Earlier, federal government’s lawyer, Tochukwu Maduka, a Senior Advocate of Nigeria, had informed the judge of pending contempt suit he initiated against the leadership of NARD for allegedly violating the court’s previous order.
But in response, NARD’s lawyer, Femi Falana, also a SAN, said “it could not be said that a contempt suit was pending against his client’s leadership when Form 87 that ought to them to appear to show cause why they should not be jailed for allegedly violating a court order had not been filed and served on them”.
Mr Falana noted that the Form 86, which is a notice of disobedience of court, filed by the federal government ought to have been followed with Form 87.
In addition, Mr Falana noted that the order his client was accused of violating was that parties should end hostilities.
According to him, this implied that the order was directed at both parties and not against his client only.
He explained further that he had filed and served an application challenging the jurisdiction of the court, noting that the application should take precedent over any other one.
He also noted that the federal government did not challenge by filing a counter-affidavit and a written address against his client’s application challenging the court’s jurisdiction.
But Mr Maduka insisted that the contempt proceedings initiated on September 14 would take precedent over any other application,
He added that he had not been served with the doctors’ application challenging the jurisdiction of the court, a claim the court corrected by pointing to the proof of service of September 1 in the court’s file.
The lawyer then urged the court to give him time to respond to the defendant’s preliminary objection challenging the jurisdiction of the court.
‘We’re ready to negotiate’
Meanwhile, the News Agency of Nigeria (NAN) reports that Mr Falana, in his closing remarks at the proceedings, urged the court to order the parties to return to the negotiation table, in line with the previous order as granted by the court ordering parties to cease all forms of hostilities.

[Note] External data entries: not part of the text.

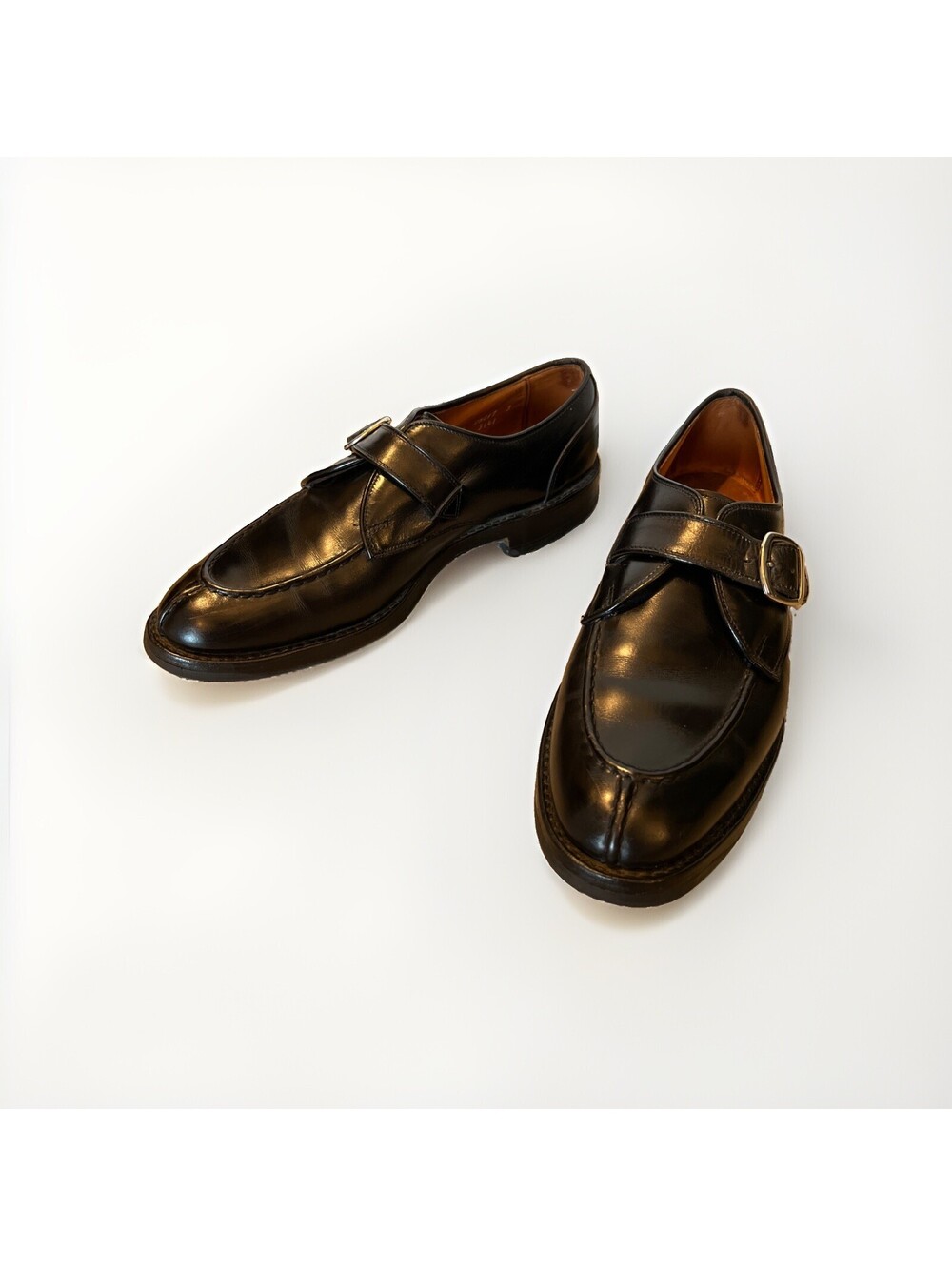 ALLEN EDMONDS CORNELL BLACK MONK STRAP VIBRAM SOLES 10B VGC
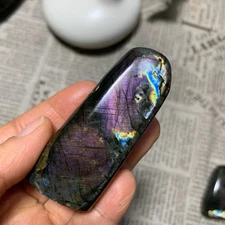 105g    Natural Purple Light Labrador Quartz Crystal Stone Specimens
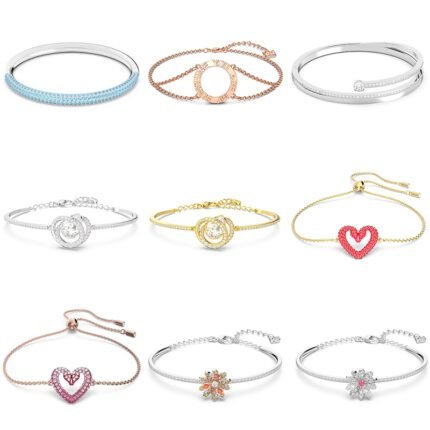 2024 new  round ring water droplet shaped zircon heart-shaped bracelet with multiple designs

Mr Maduka, however, stated that parties had been to an arbitration panel all to no avail.
He said despite court order that parties should cease hostilities, “the defendant had refused to return to work”.
He, however, said the government was open to negotiation.
Mr Falana, too, assured the court that his client was ready to cease hostility and return to negotiation table.
The judge then adjourned till Friday for report of the negotiation.
The News Agency of Nigeria (NAN) reports that the federal government along with the ministry of health, had filed an ex-parte motion praying for some orders of the court.
The claimants had sought for an order of interlocutory injunction restraining members of the respondent in all States of the Federation from further continuing with the industrial action embarked on August 2.
Another order as sought by the applicants was for an order of interlocutory injunction compelling all members of the respondent in all States of the Federation to suspend the said industrial action.
The court on August 23 granted an order directing parties to cease all forms of hostilities.